Mann, J. - Presenter, State University of New York at Buffalo
Hsu, C. - Presenter, University at Buffalo, SUNY
Park, S. - Presenter, State University of New York at Buffalo


Proteins in nature frequently form oligomers and therefore modulating protein-protein association can help understand their in vivo functions. In this regard, there are various assays for studying and optimizing protein association, including yeast two hybrid and several protein complementation assays. However, these assays are mostly used to study heterodimeric interactions, in which the interaction between two non-identical subunits is measured.

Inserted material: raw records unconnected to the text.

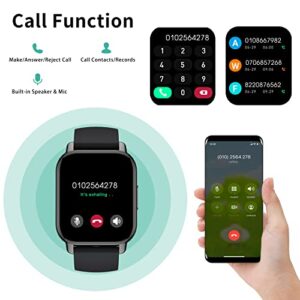 Popglory Smart Watch Call Receive/Dial, 1.85'' Smartwatch with AI Voice Control, Blood Pressure/SpO2/Heart Rate Monitor, Fitness Tracker Watch with 2 Straps for Men & Women iOS & Android Phones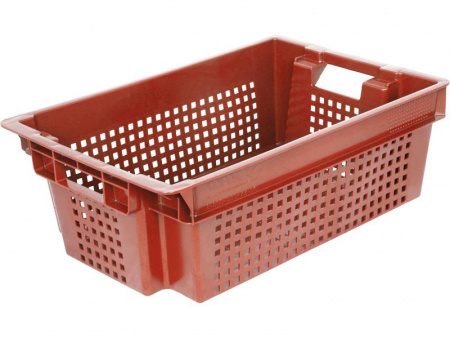 Ящик овощной 600х400х200 арт 102-1 перфорированный, дно сплошное (02348, красный)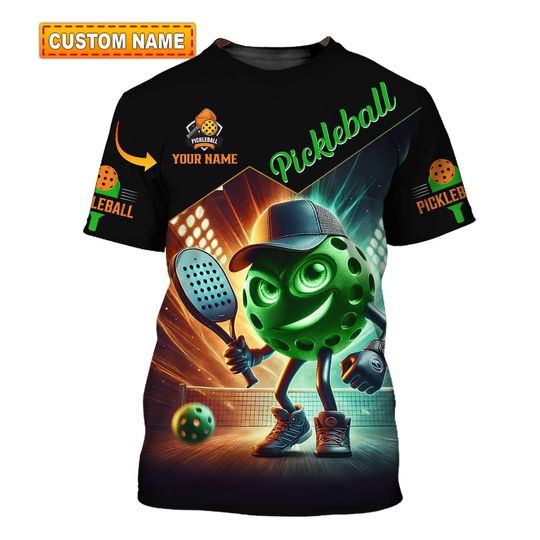 Custom Pickleball T-Shirt with Name, Fun Animated Pickleball Design, Unique Gift for Pickleball Players and Fans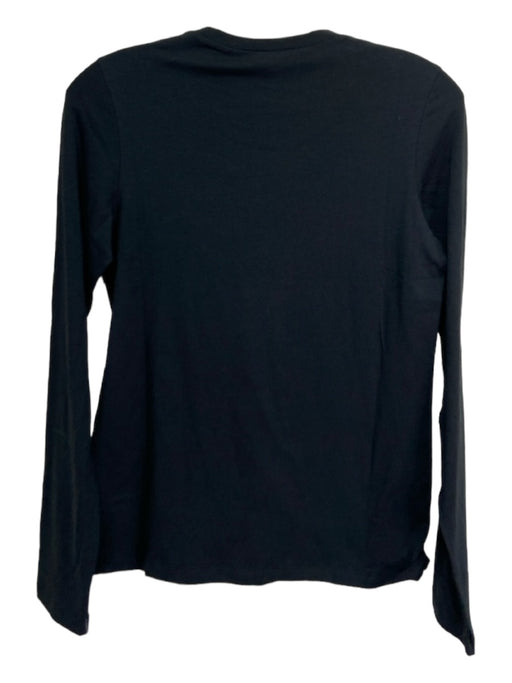 Theory Size M Black Cotton Blend Round Neck Long Sleeve tee Top Black / M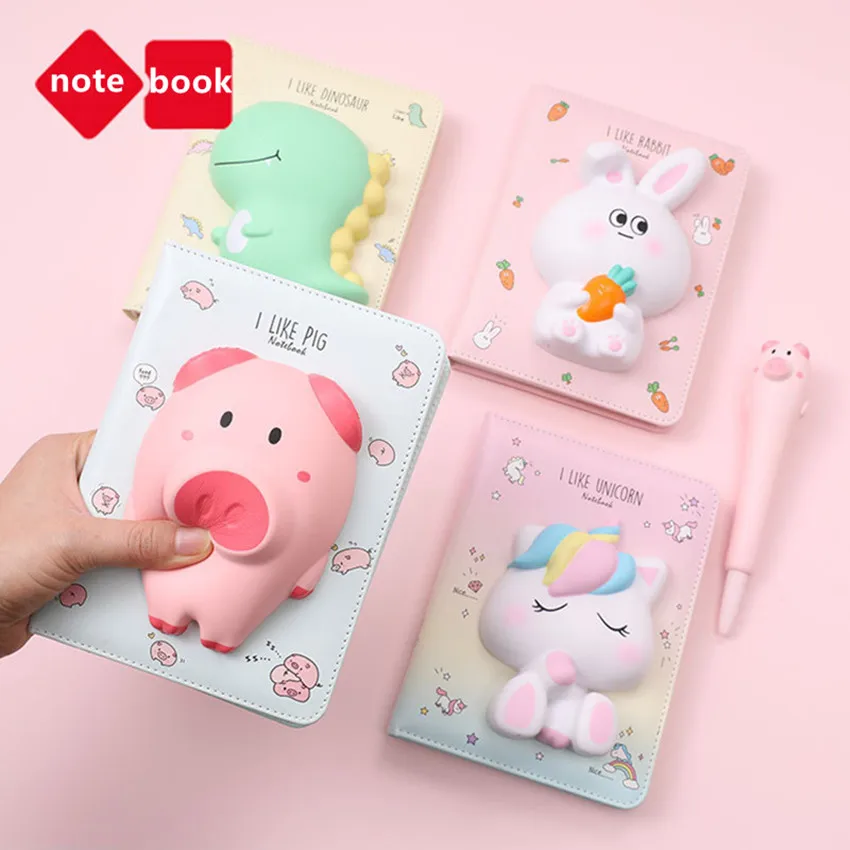 Squishy Kawaii Notebook With Gel Pen Cartoon Creative Office Stationery Soft Toys Cute Stress Relief Toy Student School Supplies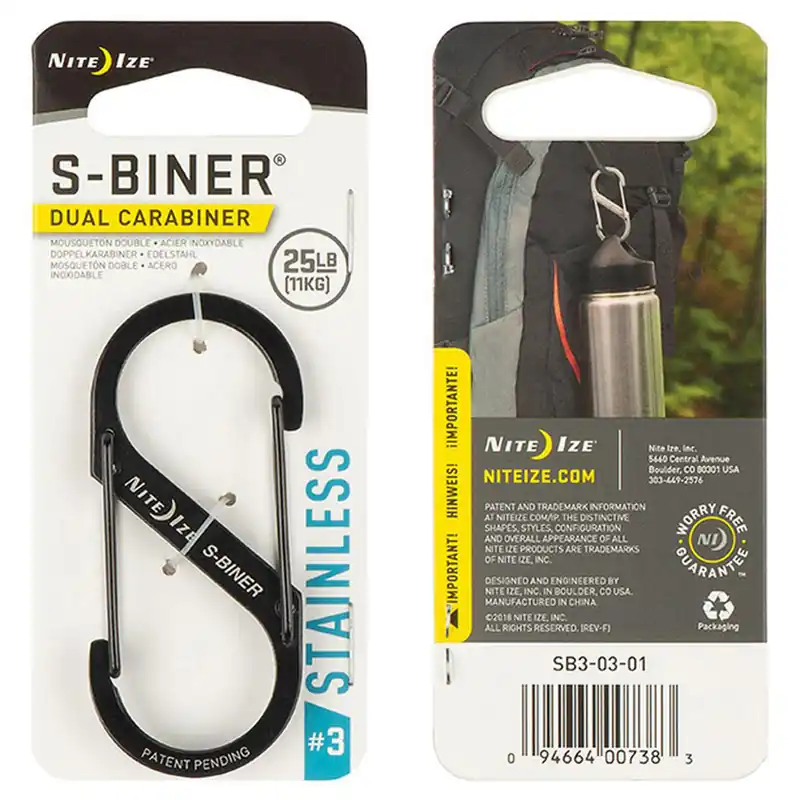 NITE IZE S-Biner Dual Carabiner 3 Black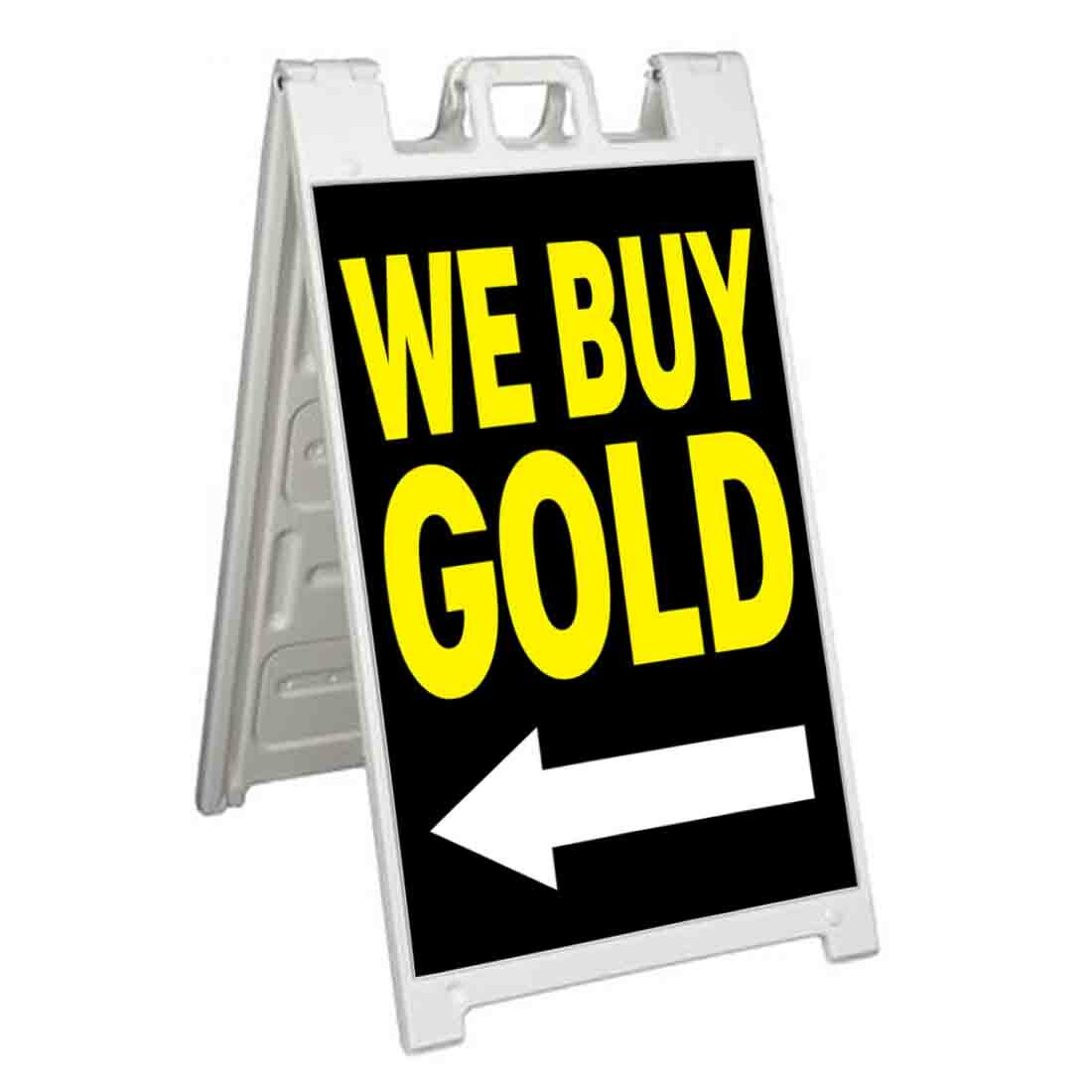 WE BUY GOLD Signicade 24x36 Aframe Sidewalk Sign Banner Decal LEFT ARROW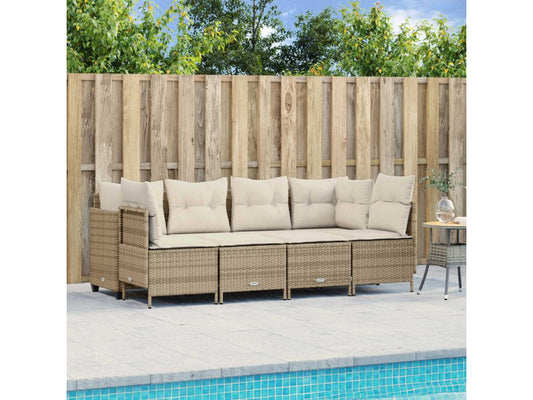 Ensemble de mobilier de jardin en résine tressée beige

In contrast, there are few convenient methods for detecting homodimerization in vivo. Since homodimers are the most common form of protein oligomers, detecting homodimerization should be a useful tool for studying protein function. A high throughput homodimerization assay would also allow new homo- and heterodimers to be engineered by directed evolution in ways that are difficult to implement using any other existing technique. To this end, we developed an assay to determine protein homodimerization on the yeast surface. The assay uses an engineered streptavidin monomer that selectively forms a domain-swapped dimer with high biotin affinity and is based on a recent discovery that streptavidin, which has always been considered an obligate tetramer, can exchange a biotin binding loop to form a functional homodimer. When this monomeric streptavidin is fused to a heterologous protein that self-associates, the homodimerization of the fusion protein results in reconstitution of a functional, domain-swapped streptavidin dimer, which can be detected based on biotin binding. Because domain swapping is inefficient, fusing a protein domain that self-associates promotes the creation of a functional streptavidin complex. We demonstrate this strategy using two leucine zipper proteins, one of which (Jun) homodimerizes with high affinity while the other (Fos) does not homodimerize.